What you are asked to do
Return all the entries exactly, keeping pictures out.

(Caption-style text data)
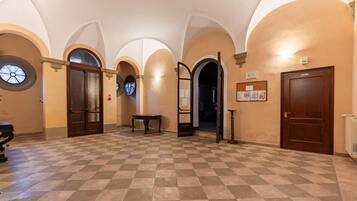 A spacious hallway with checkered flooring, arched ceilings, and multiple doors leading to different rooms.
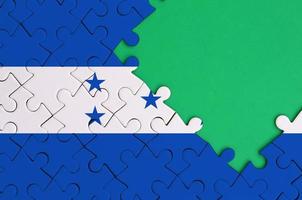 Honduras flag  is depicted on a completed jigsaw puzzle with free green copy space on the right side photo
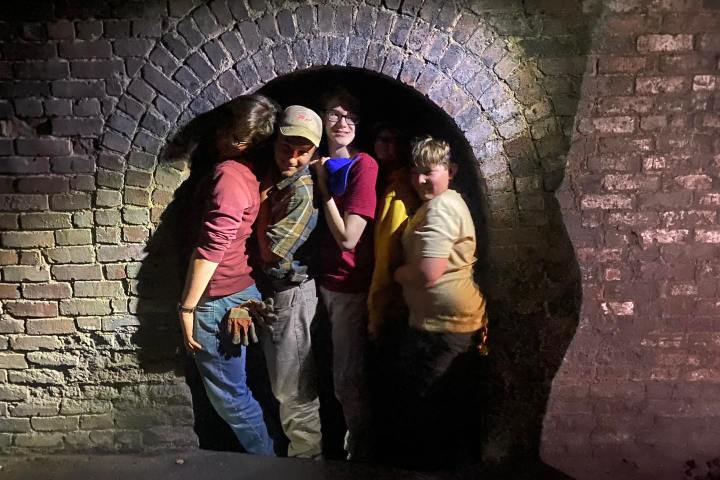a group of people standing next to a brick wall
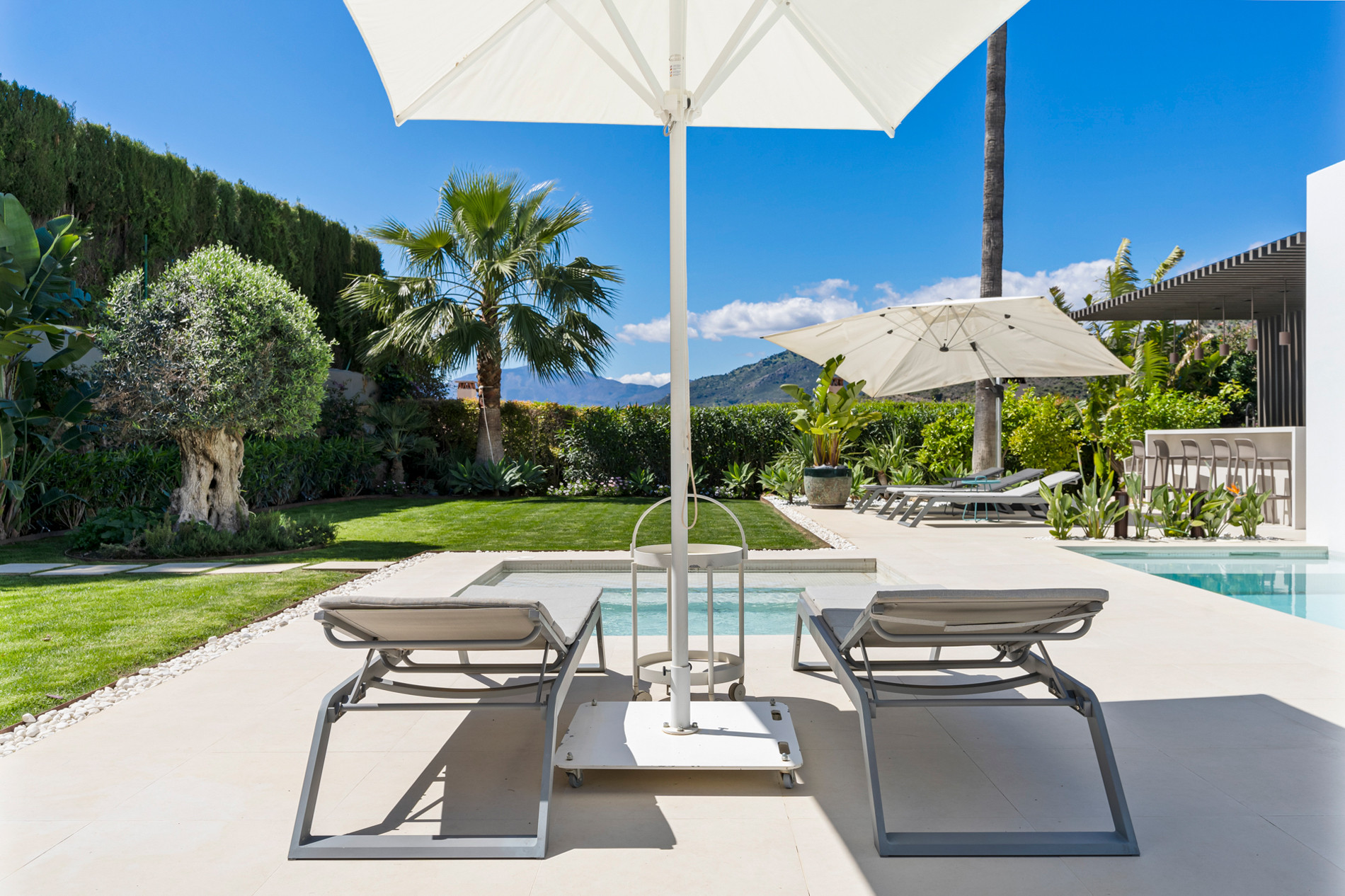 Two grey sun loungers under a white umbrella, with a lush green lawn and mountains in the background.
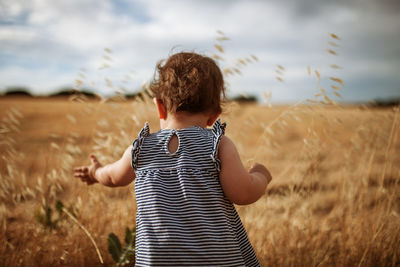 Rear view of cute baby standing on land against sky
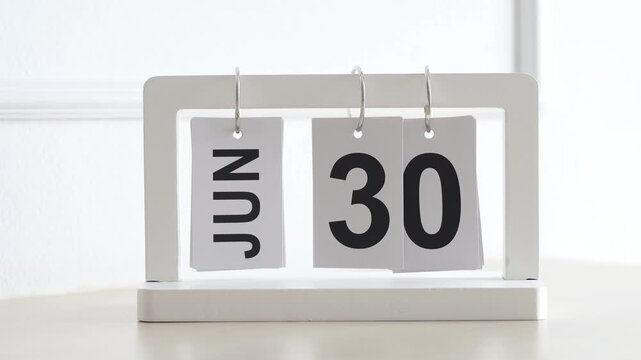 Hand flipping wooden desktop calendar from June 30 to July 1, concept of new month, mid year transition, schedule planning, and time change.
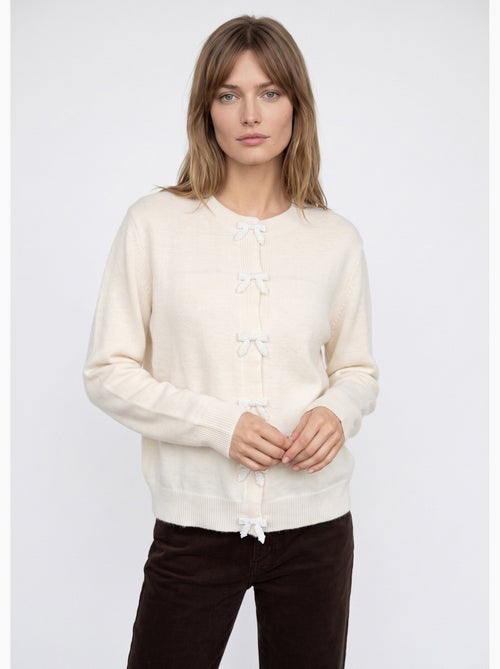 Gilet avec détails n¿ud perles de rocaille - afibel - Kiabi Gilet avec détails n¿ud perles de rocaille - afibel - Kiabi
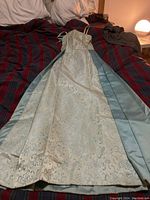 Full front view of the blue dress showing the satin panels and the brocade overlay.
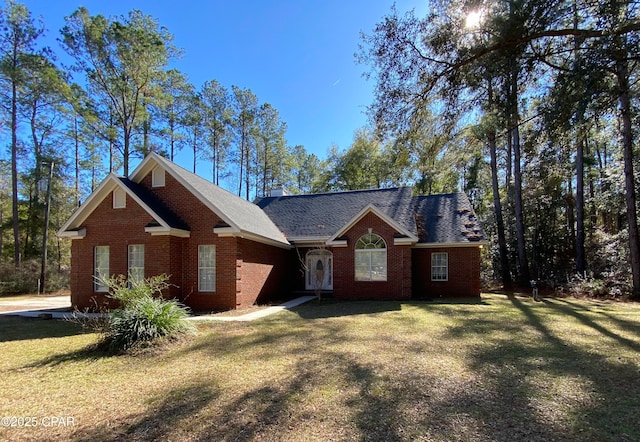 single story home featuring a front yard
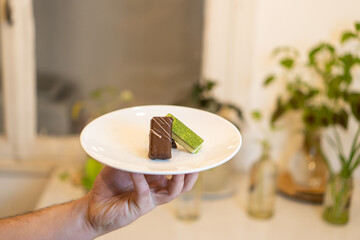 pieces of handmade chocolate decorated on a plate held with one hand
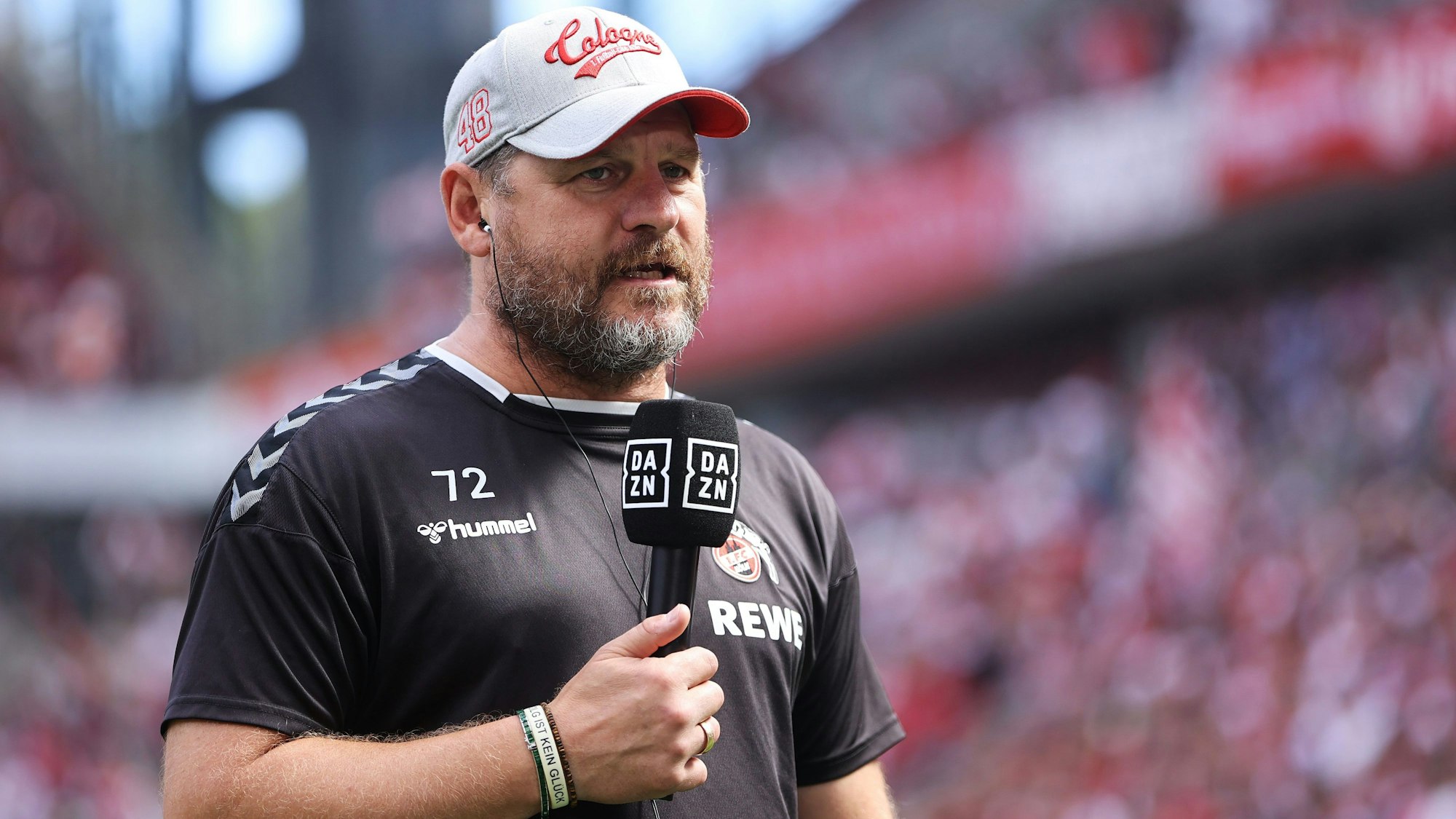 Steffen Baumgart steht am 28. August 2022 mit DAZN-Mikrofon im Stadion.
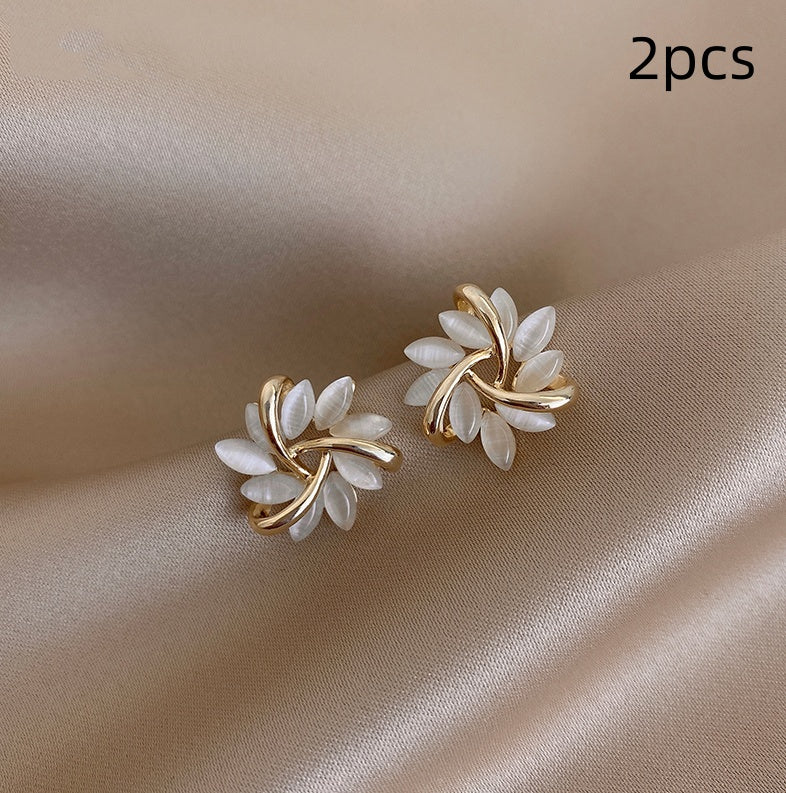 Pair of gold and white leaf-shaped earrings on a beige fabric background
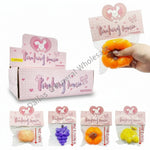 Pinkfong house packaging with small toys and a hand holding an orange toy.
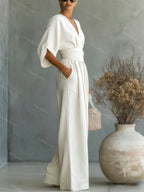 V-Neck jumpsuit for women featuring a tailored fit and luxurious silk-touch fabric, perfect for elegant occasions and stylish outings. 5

Your response
 A spacious hallway with checkered flooring, arched ceilings, and multiple doors leading to different rooms.
 Honduras flag  is depicted on a completed jigsaw puzzle with free green copy space on the right side photo
a group of people standing next to a brick wall
 Two grey sun loungers under a white umbrella, with a lush green lawn and mountains in the background.
 Rear view of cute baby standing on land against sky
 Hand flipping wooden desktop calendar from June 30 to July 1, concept of new month, mid year transition, schedule planning, and time change.
 Gilet avec détails n¿ud perles de rocaille - afibel - Kiabi Gilet avec détails n¿ud perles de rocaille - afibel - Kiabi
 Full front view of the blue dress showing the satin panels and the brocade overlay.
 single story home featuring a front yard
 pieces of handmade chocolate decorated on a plate held with one hand
 Steffen Baumgart steht am 28. August 2022 mit DAZN-Mikrofon im Stadion.
 Pair of gold and white leaf-shaped earrings on a beige fabric background
 Pinkfong house packaging with small toys and a hand holding an orange toy.
 V-Neck jumpsuit for women featuring a tailored fit and luxurious silk-touch fabric, perfect for elegant occasions and stylish outings. 5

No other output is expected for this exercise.